▶ _DESCRIPTION OF THE TASK_: The material below holds a span beginning at the line with "Now fry them" and ending at the line with "I'll pour off". Quote that span exactly, both ends included, and only that span.

▶ _PROVIDED MATERIAL_:
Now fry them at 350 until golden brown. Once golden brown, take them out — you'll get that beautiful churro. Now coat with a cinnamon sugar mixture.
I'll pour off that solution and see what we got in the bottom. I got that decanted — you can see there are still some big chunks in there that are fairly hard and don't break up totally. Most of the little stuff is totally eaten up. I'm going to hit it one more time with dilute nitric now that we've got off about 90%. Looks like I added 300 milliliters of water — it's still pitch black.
==
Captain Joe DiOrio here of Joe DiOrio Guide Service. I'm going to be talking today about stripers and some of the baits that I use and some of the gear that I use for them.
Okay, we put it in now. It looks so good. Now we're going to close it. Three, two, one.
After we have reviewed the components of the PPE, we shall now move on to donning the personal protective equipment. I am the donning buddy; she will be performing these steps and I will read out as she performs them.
* * *
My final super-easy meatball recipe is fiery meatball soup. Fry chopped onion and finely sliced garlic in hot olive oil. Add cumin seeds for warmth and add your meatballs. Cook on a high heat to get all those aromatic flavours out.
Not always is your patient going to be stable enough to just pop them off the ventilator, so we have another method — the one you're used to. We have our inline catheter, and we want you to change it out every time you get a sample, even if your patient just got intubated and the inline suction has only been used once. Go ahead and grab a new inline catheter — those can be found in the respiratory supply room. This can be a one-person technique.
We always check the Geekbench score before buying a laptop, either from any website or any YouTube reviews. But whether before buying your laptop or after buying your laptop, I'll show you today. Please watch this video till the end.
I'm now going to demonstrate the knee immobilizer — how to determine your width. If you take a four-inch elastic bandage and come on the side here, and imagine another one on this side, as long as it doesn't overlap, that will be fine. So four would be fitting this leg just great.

▶ _RESPONSE BELOW_:
Now fry them at 350 until golden brown. Once golden brown, take them out — you'll get that beautiful churro. Now coat with a cinnamon sugar mixture.
I'll pour off that solution and see what we got in the bottom. I got that decanted — you can see there are still some big chunks in there that are fairly hard and don't break up totally. Most of the little stuff is totally eaten up. I'm going to hit it one more time with dilute nitric now that we've got off about 90%. Looks like I added 300 milliliters of water — it's still pitch black.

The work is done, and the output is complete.